In Hallour, it’s past zohr sallat time, I ask for prayer space and am led to a Kerbala compound. In rural Indian Shia communities, a Kerbala is a priority, regardless if there are no schools for kids around for miles. These people will invest in a Kerbala, with elaborate and pricey replicas of various shuhadaa (a) graves, even before they’ll build a mosque. These poor people expect others, preferably foreigners, to invest in a school for their children. Khoob. A boundary wall separates the Kerbala from the street, leaving some 25 feet of raw dirt full of moist najaasat, thorns, possible germs, insects or worse. I am instructed to leave my shoes at the gate and walk these 25 feet to the Beit us Salaat. I rebel and rebuke this man who insists that I relinquish my shoes here. He simply reveals paan stained teeth, shrugs his bony shoulders and repeats the fact this is Kerbala, so no shoes. It’s simply too hot to argue; I fume and painfully hobble the distance and recite my salaat while sweat drips from the most intimate parts of my body. I simply refuse to believe the shuhadaa (a) of Kerbala would have envisioned, from us, this absurd show of adoration for their sacrifice.
Kheyr, the school is coming up nicely and should be ready for inauguration first week of October 2015 insha’Allah, enabling 600 odd children, many from very economically challenged farming families to attend school and obtain a quality education for the first time. It is this prayer and hope that stops me from committing certain manslaughter on people with blind ideologies that decapitate, impede critical thinking and blunt progress within the Muslim ummah and our communities in particular.
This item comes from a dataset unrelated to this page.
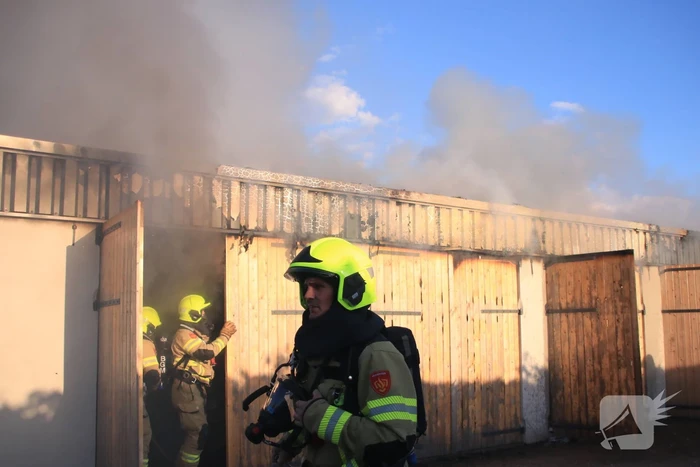 Flinke brand in garagebox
The next few days are an arduous blur, trying to keep my sanity in check within the heat, discomfort, non-stop sweating and blood-sucking mosquitoes. The sun radiates repressive shimmering rays onto the baked earth, which then bounces off the heat into the air. Even the simple act of breathing makes me sweat and lethargy sets in as soon as I step out of the relative cool of the Sirsi orphanage or from the car. We fly from Lahore to New Delhi and then drive to Sirsi, Phandheri, Sikanderpur and back to Delhi, inspecting various CAI ongoing construction projects, another school and a 70 sadaat home project among them. I am happiest when I am in our air-conditioned vehicle, for even the air-conditioner at the Sirsi orphanage seem to take pleasure in spluttering and coughing to a stop every time there are power cuts (and there are many) or when power surges (and there are hundreds). These constant surges conk off my MacBook Air charger and I feel like weeping from the frustration. There are no Apple products for sale in this part of India. At any price. I am left to conserve the remaining power by using the MA for emergencies only.
All this complaining and whining about the heat gives me pause to reflect, however, as I sit in the vehicle and stare at the passing countryside. With this heat, Allah makes all the food that we eat ripen naturally. Mango trees are pregnant with their fruit, corn stalks will be cut down and harvested in a few weeks and the street side markets are bustling with ripened leeches, melons, papaya…all super sweet, all made possible by this relentless heat. I can afford an air-conditioned car, a room with an AC, albeit a mean and grouchy one. On the other hand, I see farm laborers toiling under the sun, day construction workers, their faces gaunt and mirthless, baked a dark chocolate by the sun, ferry dirt and bricks at the CAI housing site for US$3 per day, the rickshaw pullers, legs with no visible muscles but solid as steel nevertheless, strain with the weight of their loads…what audacity do I have to complain and moan?
Still, it is a relief to land back in Mumbai where the temperatures are a more respectable 90F and there is a hint of approaching monsoon in the air.